_Dataset excerpt_:
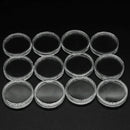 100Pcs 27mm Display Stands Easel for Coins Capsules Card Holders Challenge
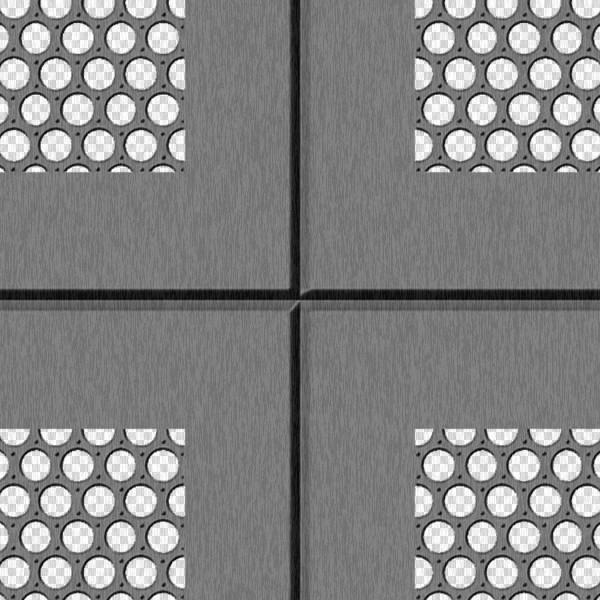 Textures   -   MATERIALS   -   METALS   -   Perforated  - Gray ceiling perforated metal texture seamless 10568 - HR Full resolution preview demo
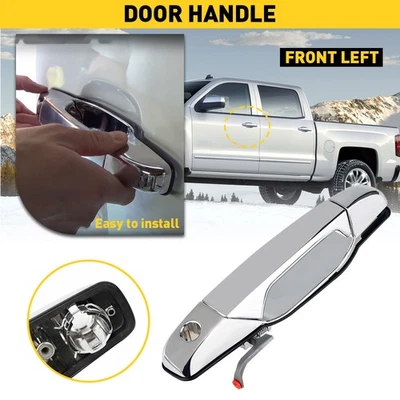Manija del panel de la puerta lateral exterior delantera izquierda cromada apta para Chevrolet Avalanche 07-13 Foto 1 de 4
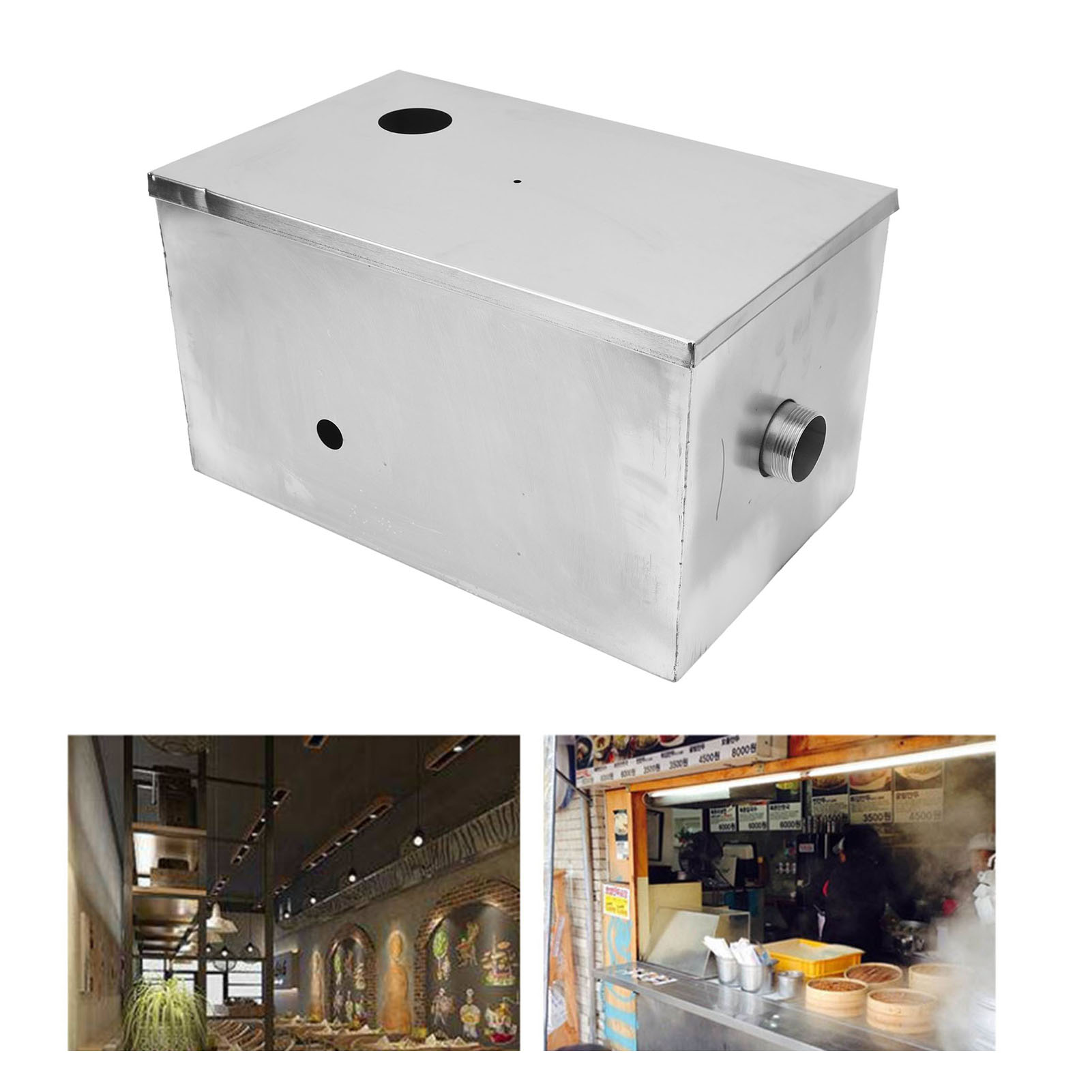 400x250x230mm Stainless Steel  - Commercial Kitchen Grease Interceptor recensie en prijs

_Description of the task_:
With the images removed, write out all of the material above exactly.

_Task output_:
 100Pcs 27mm Display Stands Easel for Coins Capsules Card Holders Challenge
 Textures   -   MATERIALS   -   METALS   -   Perforated  - Gray ceiling perforated metal texture seamless 10568 - HR Full resolution preview demo
Manija del panel de la puerta lateral exterior delantera izquierda cromada apta para Chevrolet Avalanche 07-13 Foto 1 de 4
 400x250x230mm Stainless Steel  - Commercial Kitchen Grease Interceptor recensie en prijs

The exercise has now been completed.